§ **Directions**: Entries follow. Give back exactly the lines starting at the one containing "PAPUYA RE MIX" and ending at the one containing "Flash Furniture Hercules", and no other lines.

§ **Data supplied**:

>>>

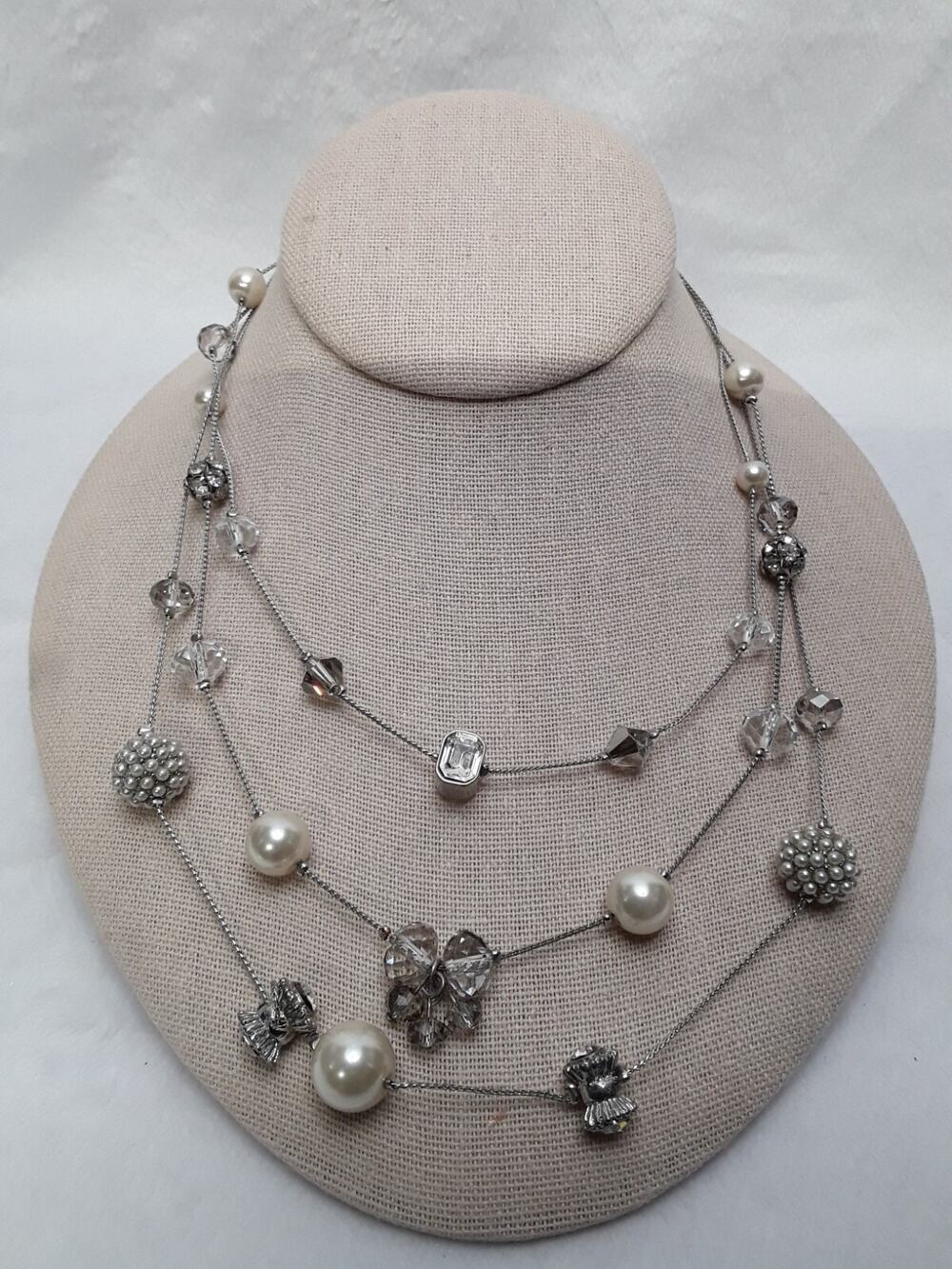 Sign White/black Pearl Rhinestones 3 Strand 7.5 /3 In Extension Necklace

<<<
>>>

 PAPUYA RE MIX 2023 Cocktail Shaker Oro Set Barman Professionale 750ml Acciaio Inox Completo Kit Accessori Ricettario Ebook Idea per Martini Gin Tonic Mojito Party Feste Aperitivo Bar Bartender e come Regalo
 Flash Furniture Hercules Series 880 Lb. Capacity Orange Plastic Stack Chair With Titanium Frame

<<<

§ **Result below**:
 PAPUYA RE MIX 2023 Cocktail Shaker Oro Set Barman Professionale 750ml Acciaio Inox Completo Kit Accessori Ricettario Ebook Idea per Martini Gin Tonic Mojito Party Feste Aperitivo Bar Bartender e come Regalo
 Flash Furniture Hercules Series 880 Lb. Capacity Orange Plastic Stack Chair With Titanium Frame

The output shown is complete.